What to work on — Your answer is the line containing "Appliqué Airbrush Baby Tee" plus every line after it through the end of the records, printed exactly and free of pictures.

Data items
============================================================

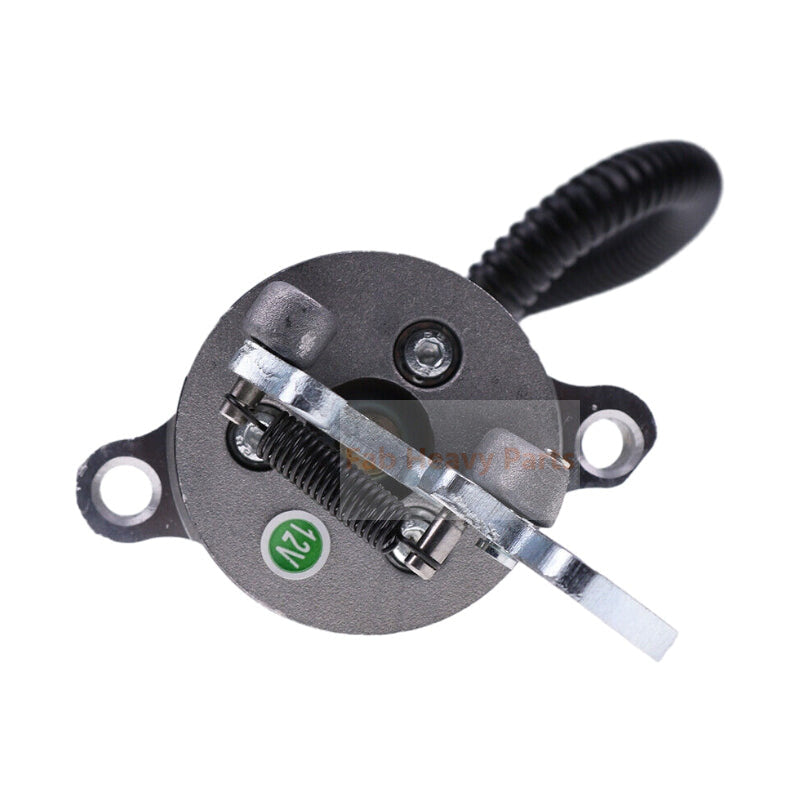 Shutoff Solenoid 04103812 Fits for Deutz Engine BFM2011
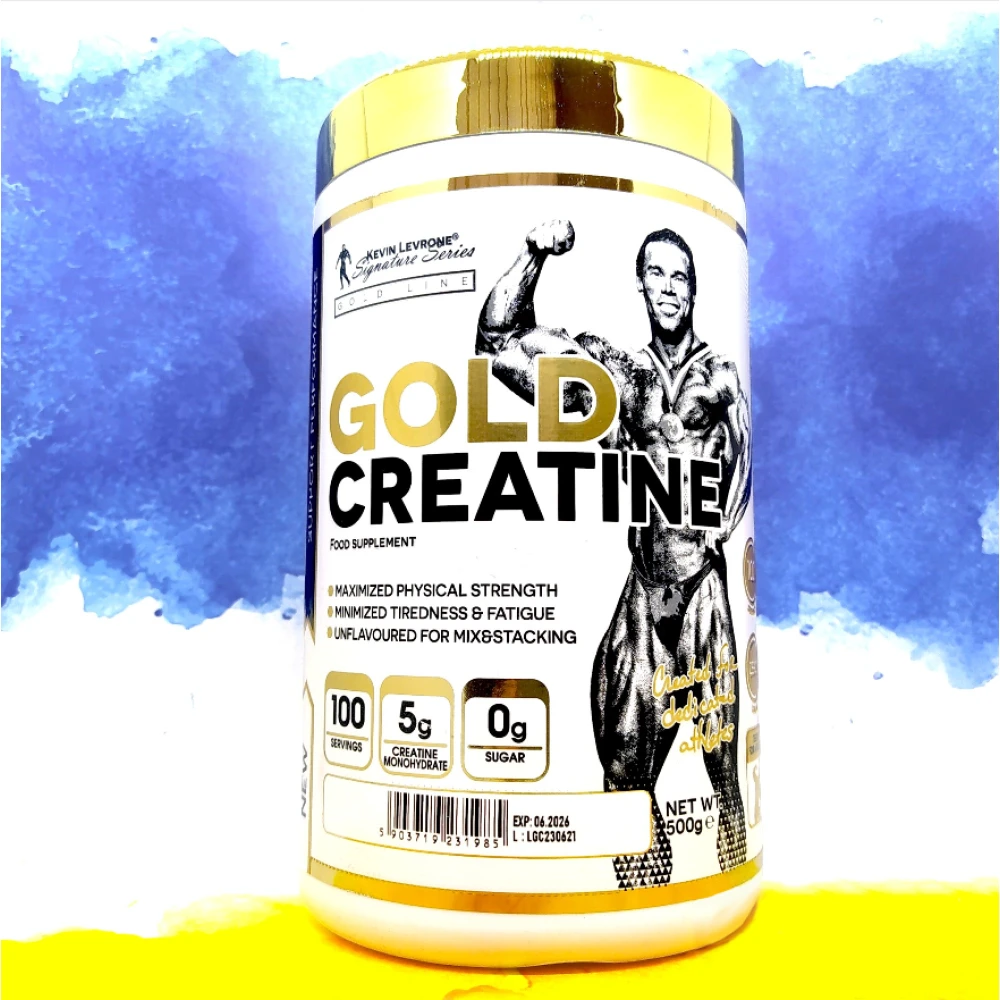 Kevin Levrone Gold Creatine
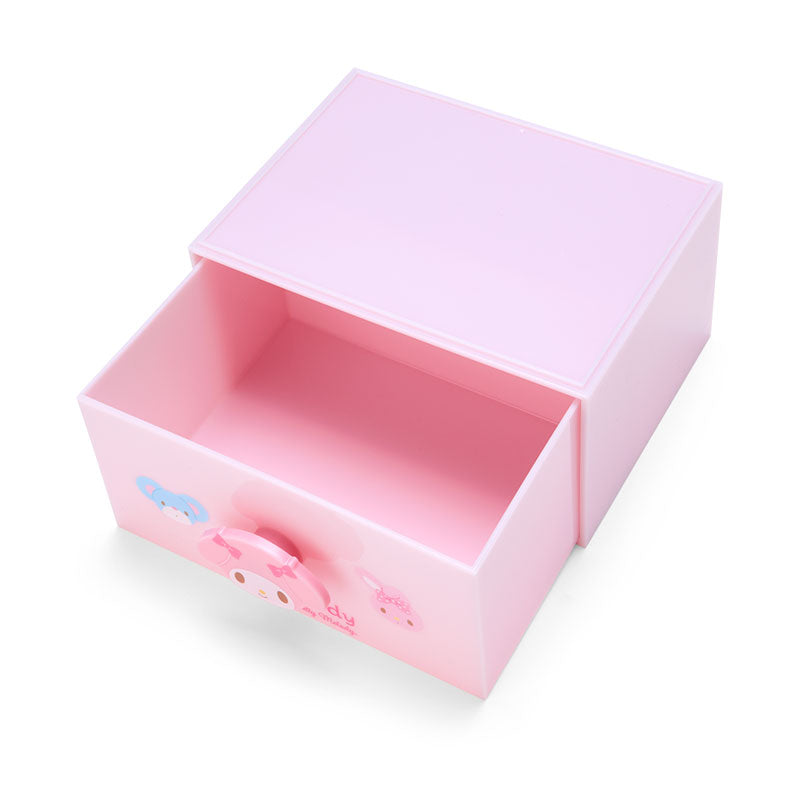 My Melody 長方形積木櫃桶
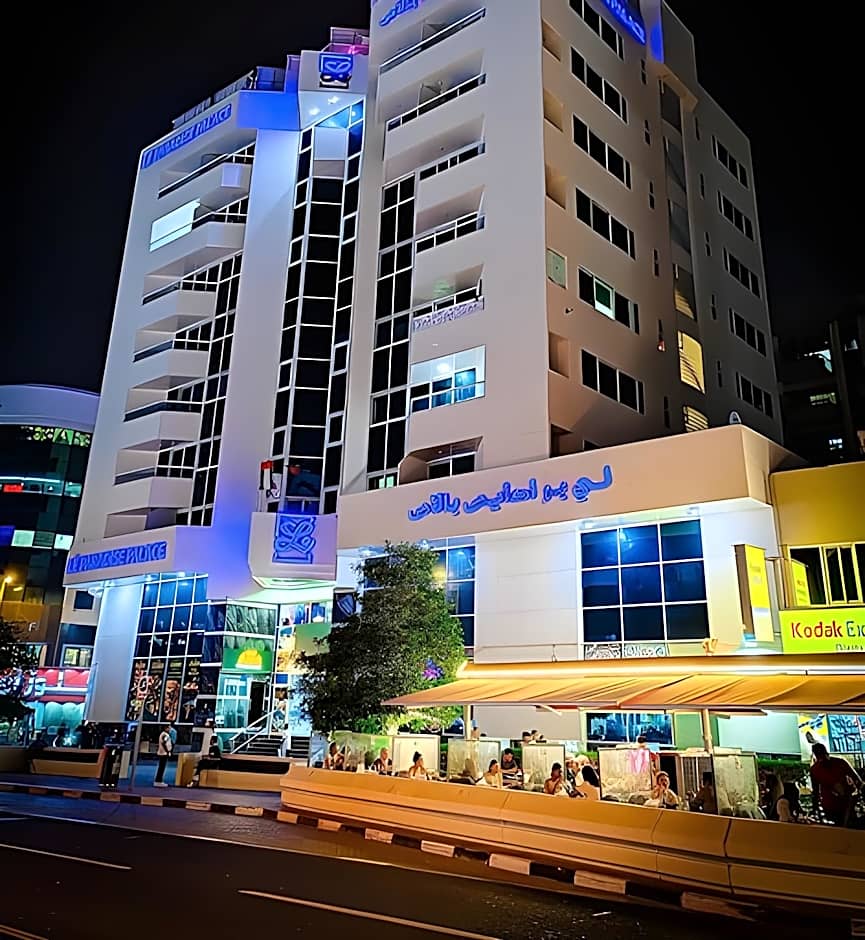 LE PARADISE PALACE HOTEL Deira Dubai Al Rigga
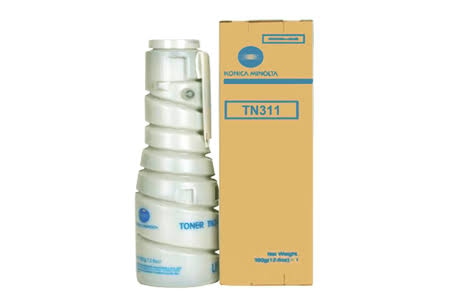 Toner MINOLTA BIZHUB 350/ 362 black TN-311  oryg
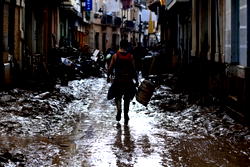 Valencia ask for another Copa del Rey postponement after floods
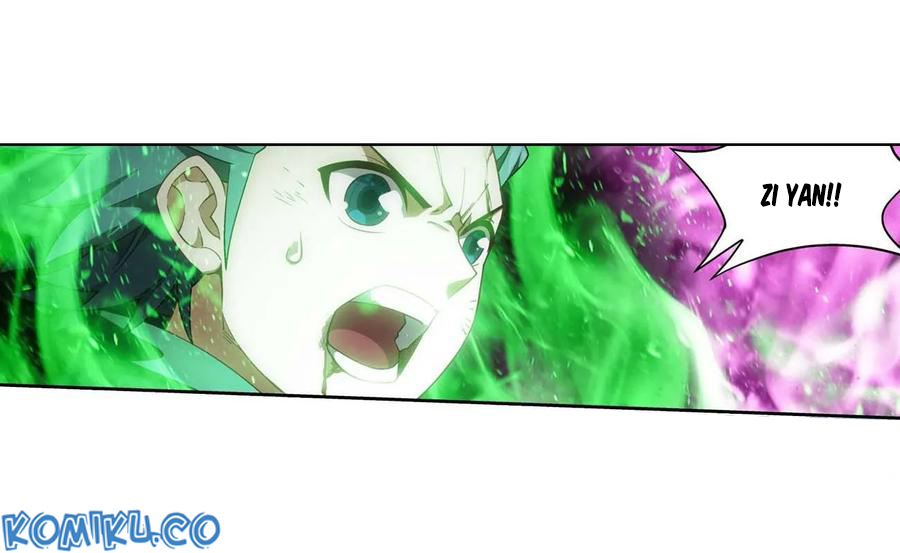 Battle Through the Heavens Chap 299 - Next Chap 300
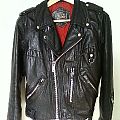 Petroff Leather Jacket - Battle Jacket - leather jacket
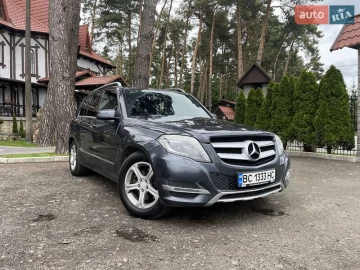 Авто Mercedes Glk-Class 2013 № 7706242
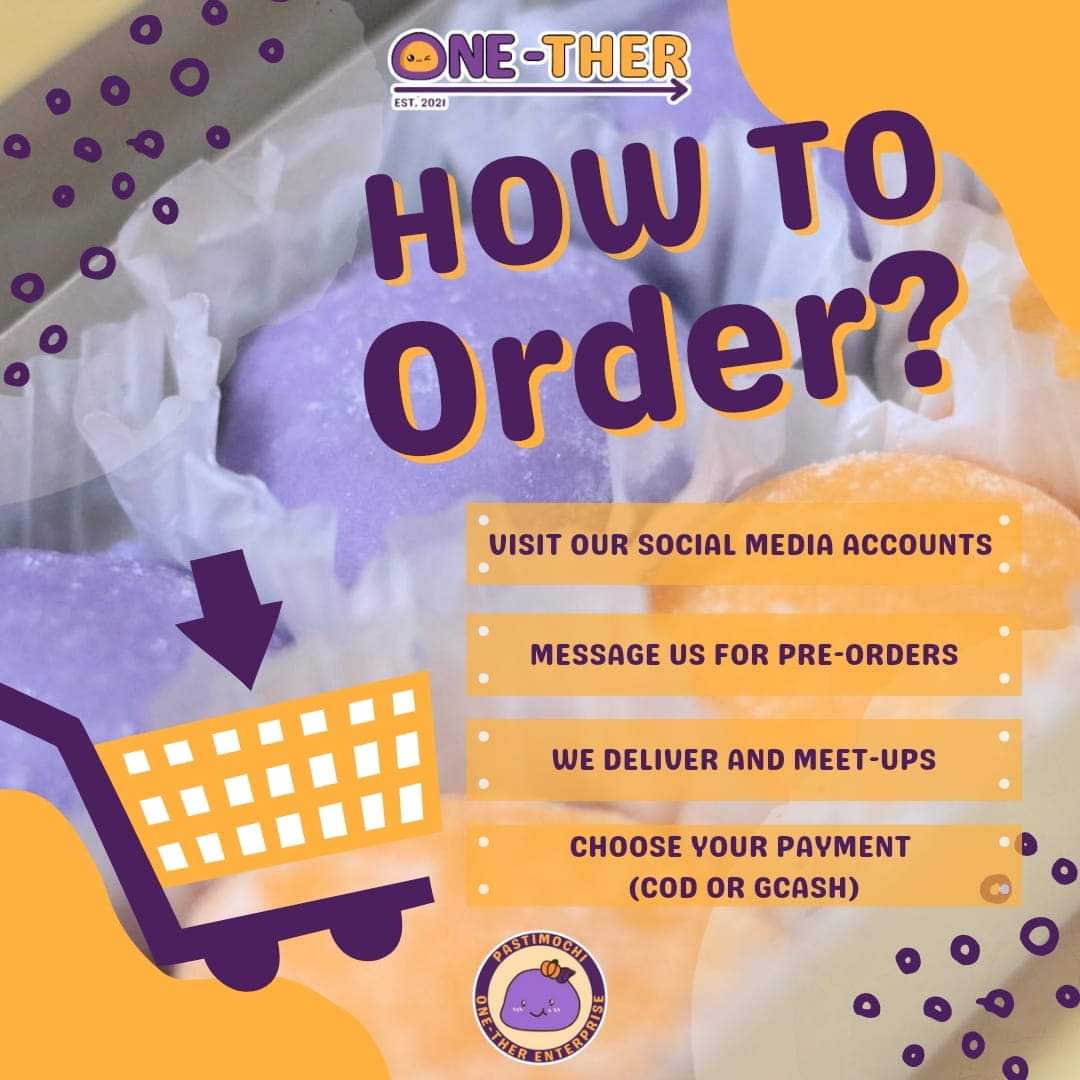 onether_ent's tweet photo. Hindi 'to Shopee pero pwede ka rin mag-order 🤭 For only 55 pesos, may 6 pieces of Pastimochi ka na! It is so easy to order, follow the steps kung nahihirapan ka pa rin charot! Try now! 

We deliver every Wednesday, Friday and Saturday at 5pm onwards! 

#PASTIMOCHI https://t.co/XhEly906WD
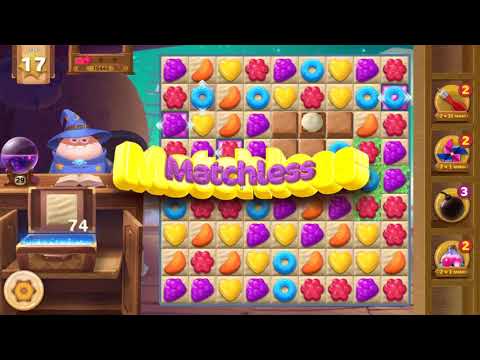 Munchkin Match level 139 Magic Home Building HD
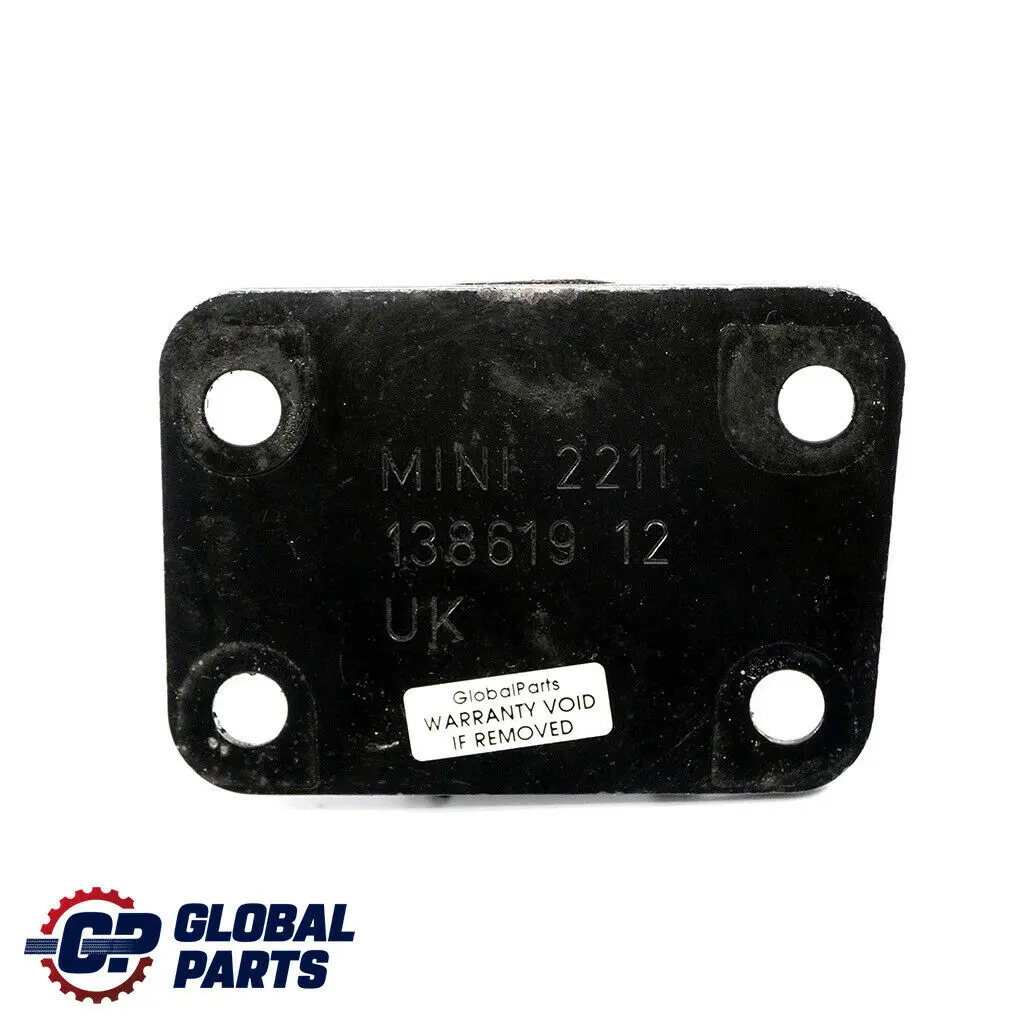 Mini Cooper One Cabrio R50 R52 R53 Sospensione Del Motore Supporto - SKU 6754399 - Numero di parte 6754399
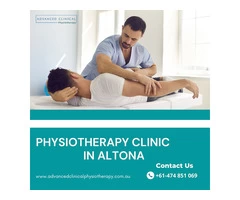 Physiotherapy Clinic in Altona
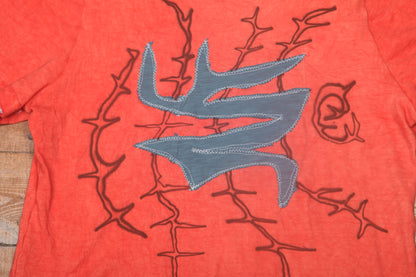 Appliqué Airbrush Baby Tee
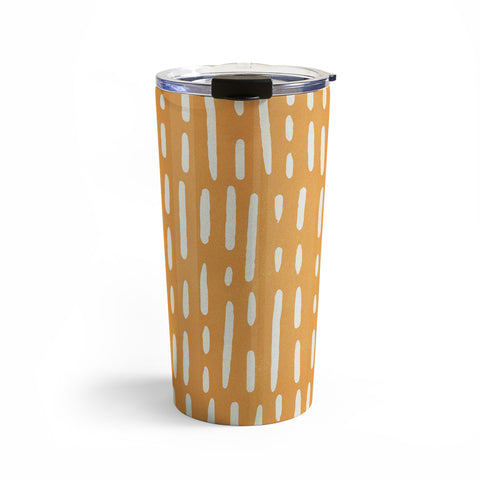 SunshineCanteen minimalist series scandi lines Travel Mug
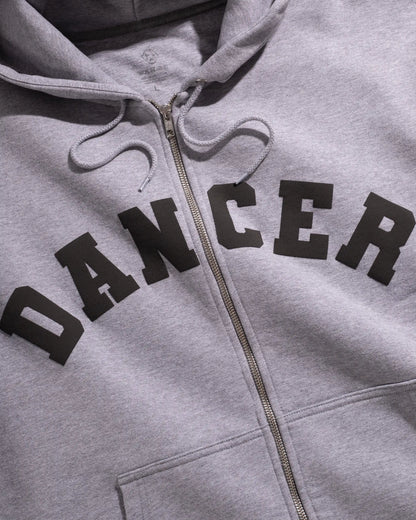 Varsity Zip Hoodie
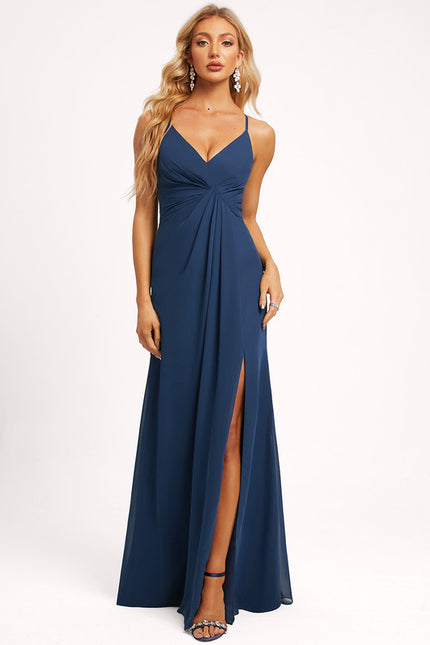 Robe Longue Ceremonie Femme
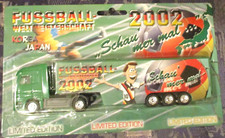 Werbetruck fussball weltmeiste gebraucht kaufen  Pfreimd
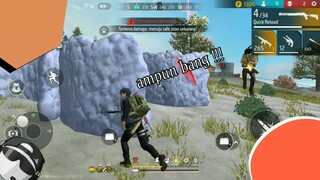 Bikin greget banget | Free Fire #01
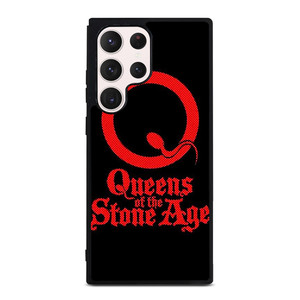 QUEENS OF THE STONE AGE ROCK BAND LOGO Samsung Galaxy S23 Ultra Case Cover
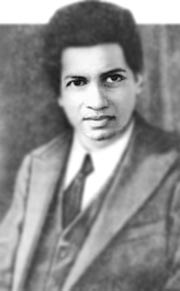 Srinivasa Ramanujan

============================================================

Task response —
 Appliqué Airbrush Baby Tee
 SunshineCanteen minimalist series scandi lines Travel Mug
 Varsity Zip Hoodie
 Robe Longue Ceremonie Femme
 Werbetruck fussball weltmeiste gebraucht kaufen  Pfreimd
 Bikin greget banget | Free Fire #01
 QUEENS OF THE STONE AGE ROCK BAND LOGO Samsung Galaxy S23 Ultra Case Cover
 Srinivasa Ramanujan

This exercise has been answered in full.